On Jul 13, 9:19 am, Molly Brogan <[email protected]> wrote:
> Please don't think I am advocating for an exclusionary group, dear
> Slip. But I do wonder at the dynamic here. I know the admin does a
> stellar job and am always grateful. Human behavior has always been
> fascinating to me, especially my own. We often walk in the shadow
> areas together and this may be one of those times. I hope you don't
> mind my wondering out loud. I was also wondering if anyone else sees
> what I see...another of my past times. Thanks for playing Slip.
>
> On Jul 13, 10:14 am, Slip Disc <[email protected]> wrote:
>
> > Yep, it's clearly a bit of a dilemma the way you present it.
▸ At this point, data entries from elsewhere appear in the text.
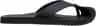 Couleur: Black - Steel Grey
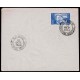 Lote: ZH0115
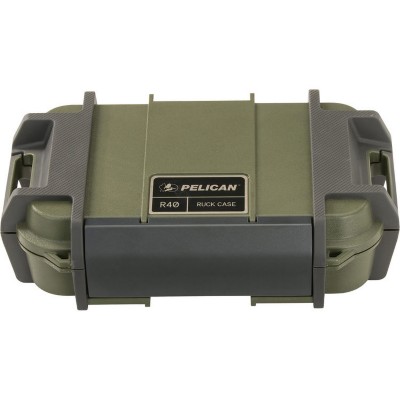 Pelican R40 Ruck Case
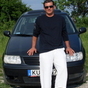 393643_93448_card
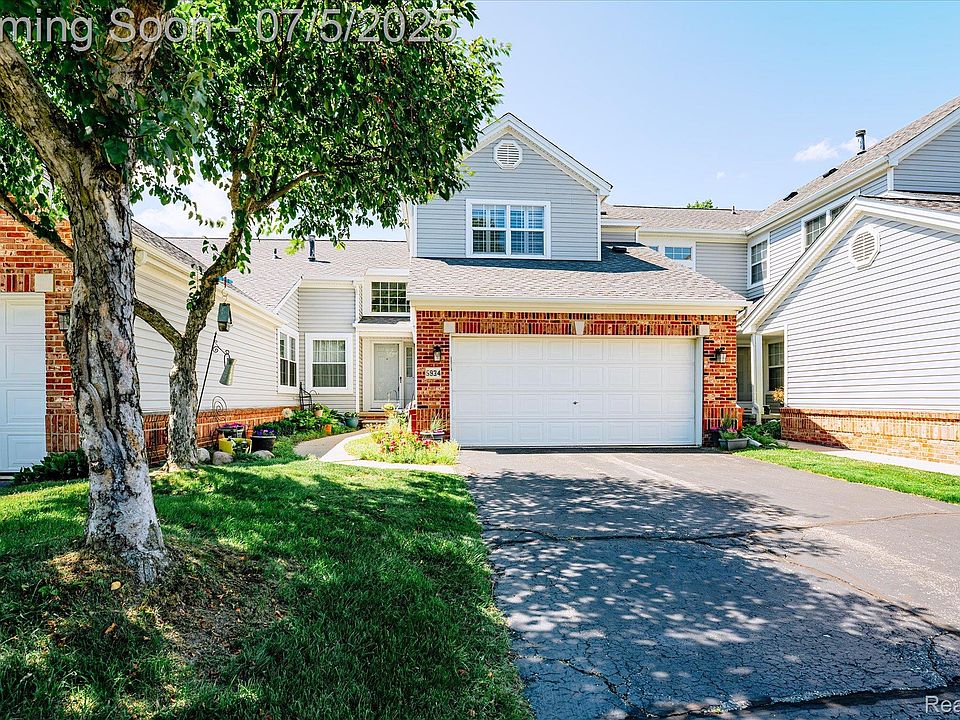 1st image of 5934 Creekside Dr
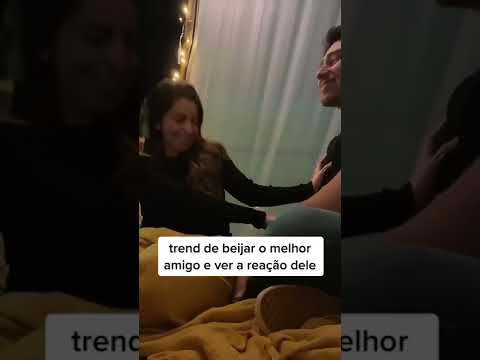 Quando é o Dia do Selinho Roubado?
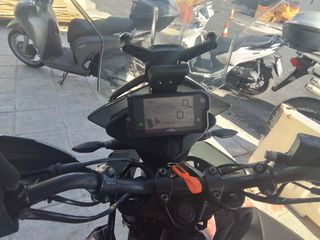 KTM 250 Adventure 2023-thumb-5
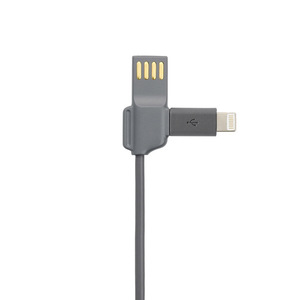 Fotografie k reklamnímu předmětu „Power banka GRAND 12 000 mAh“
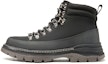 Buy Aokang Classic High-Top 'Outdoor Retro Indestructible' Boot 1233923009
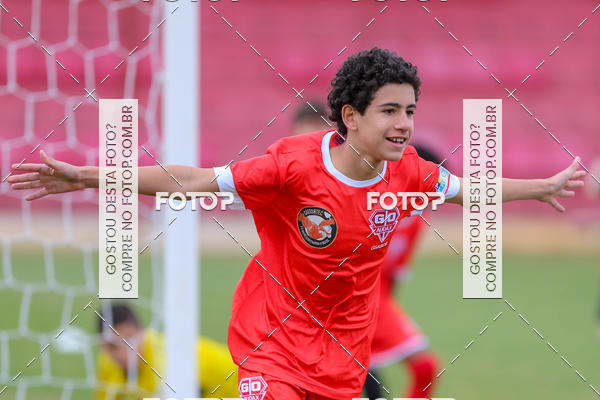 Compre suas fotos do eventoAudax x Tabo�o da Serra - SUB 11 e 13 no Fotop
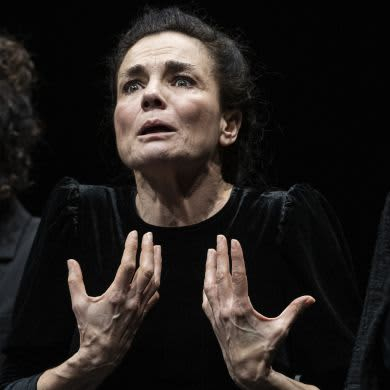 immagine Evento Happyticket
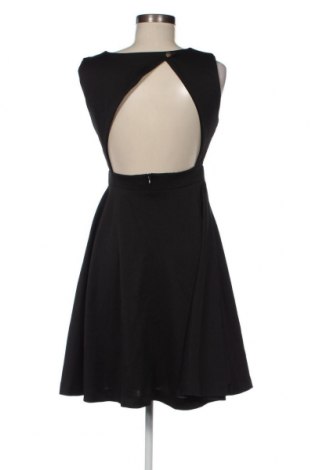 Φόρεμα Foggy, Μέγεθος M, Χρώμα Μαύρο, Τιμή 23,46 €
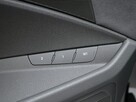 Audi Q8 e-tron e-tron 55 408KM Sline Matrix LED Tempomat ACC Pneumatyka Kamery360 - 12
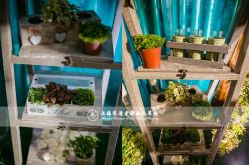 -光大会展中心国际大酒店-宴会厅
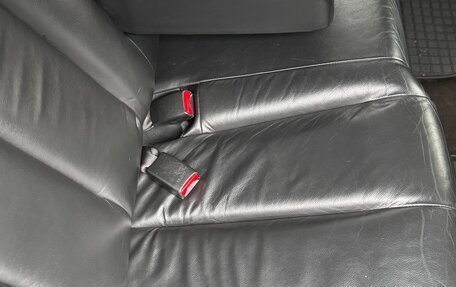 Nissan Murano, 2006 год, 500 000 рублей, 15 фотография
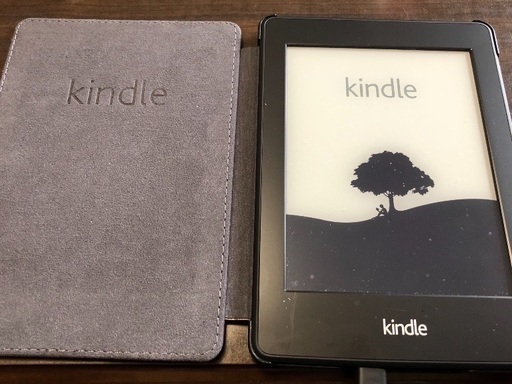 Kindle paperwhite CE0700 売買されたオークション情報 落札价格 【au payマーケット】の商品情報をアーカイブ公開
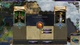 Игра Warlock: Master of the Arcane для ПК (Ключ активации Steam) - изображение 5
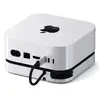 Satechi ST-GNMMES USB 3.2 Gen 2 Type-C dokstacija Photo 2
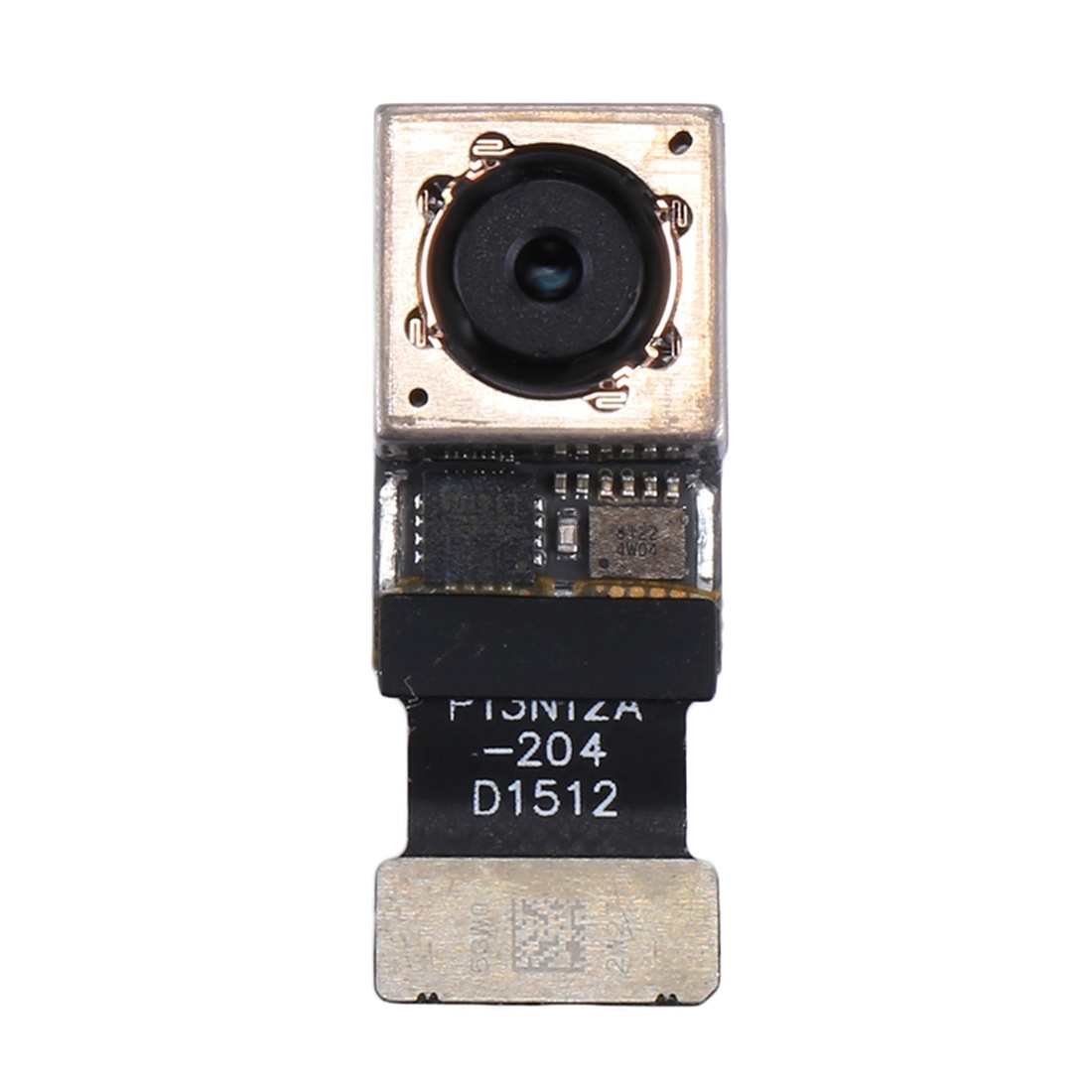 For Huawei Maimang 4 Back Facing Camera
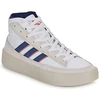 Image de Baskets montantes adidas  ZNSORED HI M67328134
Maybe we
> > should have a specified page/room/forum specifically designated and
> > confined to intelligent discourse, where intrusion posts are
> > immediately removed and continually moderated. Possibly a separate
> > sign in page to the, let's say, upper room. Public access is just
> > that and there are no safety mechanisms in place that would not appear
> > as discrimination or censureship.
>
> > On Jul 13, 8:55 am, Molly Brogan <[email protected]> wrote:
>
> > > I was thinking more of an examination of what we get out of running
> > > through the same old argument with someone over and over again, or
> > > allowing threads to by hijacked off topic again and again by the same
> > > persons anger. The internet group is, in many ways, a new phenomena
> > > and just coming into an age where it can be a productive tool or
> > > inspiration to our lives. But given the number of unbalanced people
> > > using the web for their own agenda, how do we identify them, and
> > > continue to retain something of value? I am not sure it should be
> > > left up to the moderators only, as they will suspect that if the
> > > members continue to engage folks with these behaviors in debate, it
> > > might be acceptable or necessary.
>
> > > The pattern I see in this group is that we take turns engaging and
> > > managing attacks and nonsense until the moderators take over. If we
> > > truly get something out of that type of engagement, then the group is
> > > benefiting. There are groups all over the internet involved in flame
> > > wars. It is not uncommon. I sometimes read the comments on u tube
> > > posts and it is apparent that people just have the need to spout off
> > > in irrational and angry ways. I think we have something much more
> > > valuable here, and wonder if we don't lose articulate, intelligent
> > > folks when we engage like this. Do we truly need a Chaz in the group
> > > dynamic?
>
> > > Please believe that I am just trying to understand, and find it
> > > somewhat fascinating. But also get quite frustrated when we have some
> > > great threads going and they get lost in the BS.
>
> > > On Jul 12, 6:57 pm, Slip Disc <[email protected]> wrote:
>
> > > > In a sense even though you and I can identify there is nothing we can
> > > > do about it. We all have our style of contribution but group
> > > > consistency sometimes depends upon newcomers fitting in with the
> > > > current core group. If the entire group consisted of e types then
> > > > perhaps you and I would be considered the disruptive ones.
>
> > > > On Jul 12, 2:29 pm, Molly Brogan <[email protected]> wrote:
>
> > > > > That all sounds good, but I wasn't asking so much for a structure for
> > > > > internet groups for the mentally ill, as I was asking that we consider
> > > > > how, in general, we best deal with group members who display the signs
> > > > > of mental illness and contribute little or disrupt the group dynamic.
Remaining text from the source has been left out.